Since the kitchen is in limbo 'til the concrete trenches-cum-litterbox get filled (the concrete guys failed to bring the appropriate stuff for cutting a big straight line today), I've been preparing the family room and part of the living room for painting. What you're looking at below is kind of the back of the living room where the "dry bar" I hacked out was. There was all kinds of wallpaper residue nightmare there, which is why I didn't paint it with the rest of the room. You can't tell in the pic, but the narrow bottom section of the wall was a total tragedy with odd layers of weaved wallpaper and some kind of uneven plaster or drywall compound. I removed as much as I could and then rebuilt the wall there with lots of layers of drywall mud. It's taken me days of "apply mud, come back tomorrow, sand, more mud, repeat", but it's finally smooth and ready for paint. Yikes.

Moving along essentially the same wall, we have the family room, which as you can see, is still a lovely shade of shit brown, surely selected to make it difficult for the future homeowner to paint white. Hey, thanks! Anyhow, today I ripped out the grubby baseboards as well as the quarter round. My plan is to re-use the quarter round because it's stained to match the wood floor and not in bad shape, but I didn't account for all the little brads sticking out of it that are relatively impossible to remove. Not sure how that's gonna work out. Regardless, I'll buy new baseboards and probably paint them before I install them, which makes things look very tidy when installed. The big white glops on the wall are drywall mud where I patched various stupidity (i.e. random holes, phone jacks I'll never use). There's also a light switch that turns an outlet on and off that I'm gonna remove. Of course it's next to two other light switches, but not really aligned in any visually pleasing way. I'll never have a lamp on this side of the room anyway, so I'm gonna cut the wall, yank out the box and switch and wire the wires permanently in "on" position (resulting in a standard outlet) inside a small utility box that lives completely inside the wall. Then I'll patch the wall, do my magic and no one will ever know it was there. 

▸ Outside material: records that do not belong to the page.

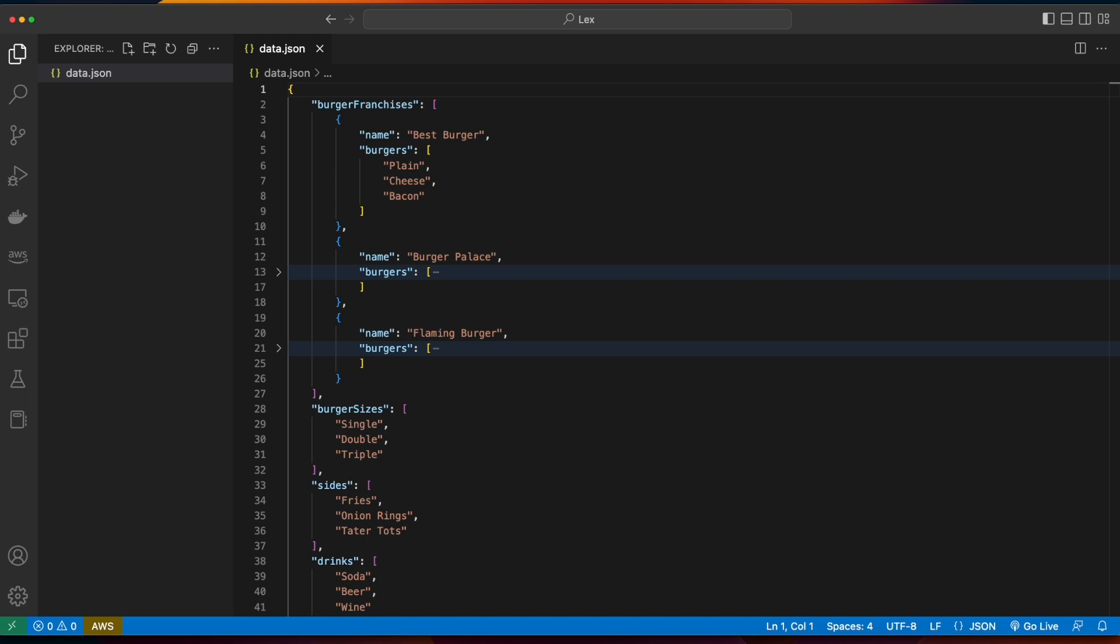We'll implement input validation and fulfillment using Lambda, and ultimately integrate the bot into a web page hosted in S3 using JavaScript.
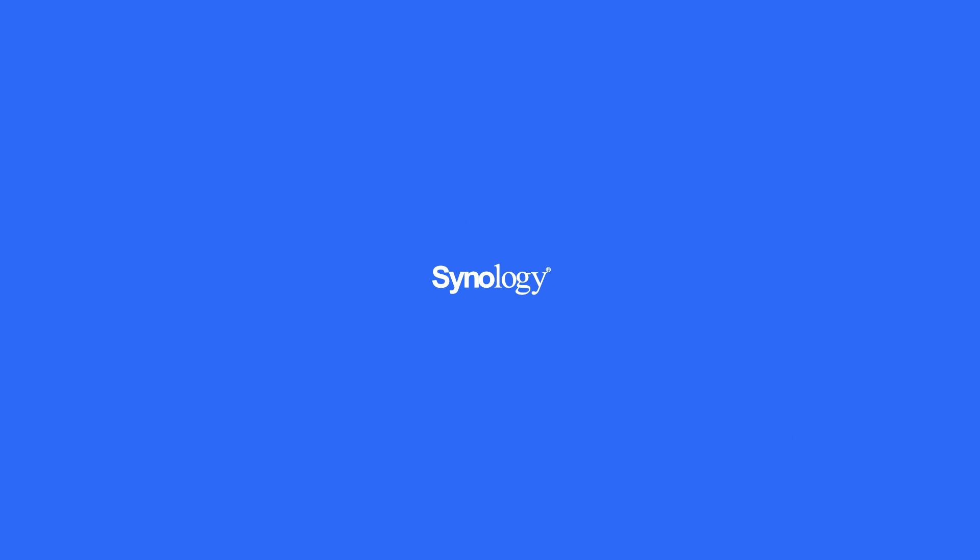To learn more about Synology Photos, watch the videos here and subscribe to Synology's YouTube channel for more latest updates.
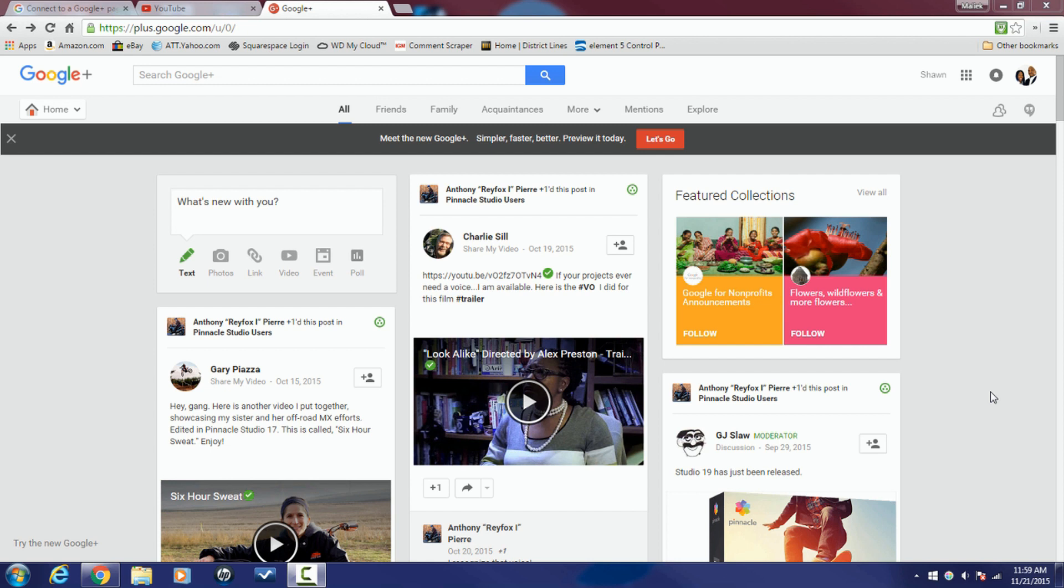Or the other option is you can just change the name of your profile page on Google Plus, which a lot of people don't want to do. They want to have a separate profile page for their name, their true name, and then they want to have a branded Google Plus page that matches their YouTube channel. This is for those people.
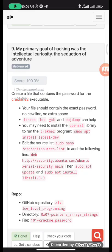Hi guys, welcome to my YouTube channel. In this video, I'm going to show you how you can get the password to the crackme2 executable in the 0x07 pointers, arrays and strings advanced task.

The walls in here will be the same white as the rest of the house, but I'm going to cover one wall in stained 1/4" Luan panels for authentic Eichler home awesomeness. If it works out ok, I'll probably do more wood walls in other parts of the house (hall and/or foyer). I also have to replace all the cheeseball beige two-prong outlets with black w/brushed silver plate loveliness. The super biggie project in here will be knocking out the entire bay window thing and replacing it with a sliding glass door, but that's a Keith the Handyman deal there. Not sure when I'm doing it, but the pool is currently rockin', and not having direct access to it is el sucko.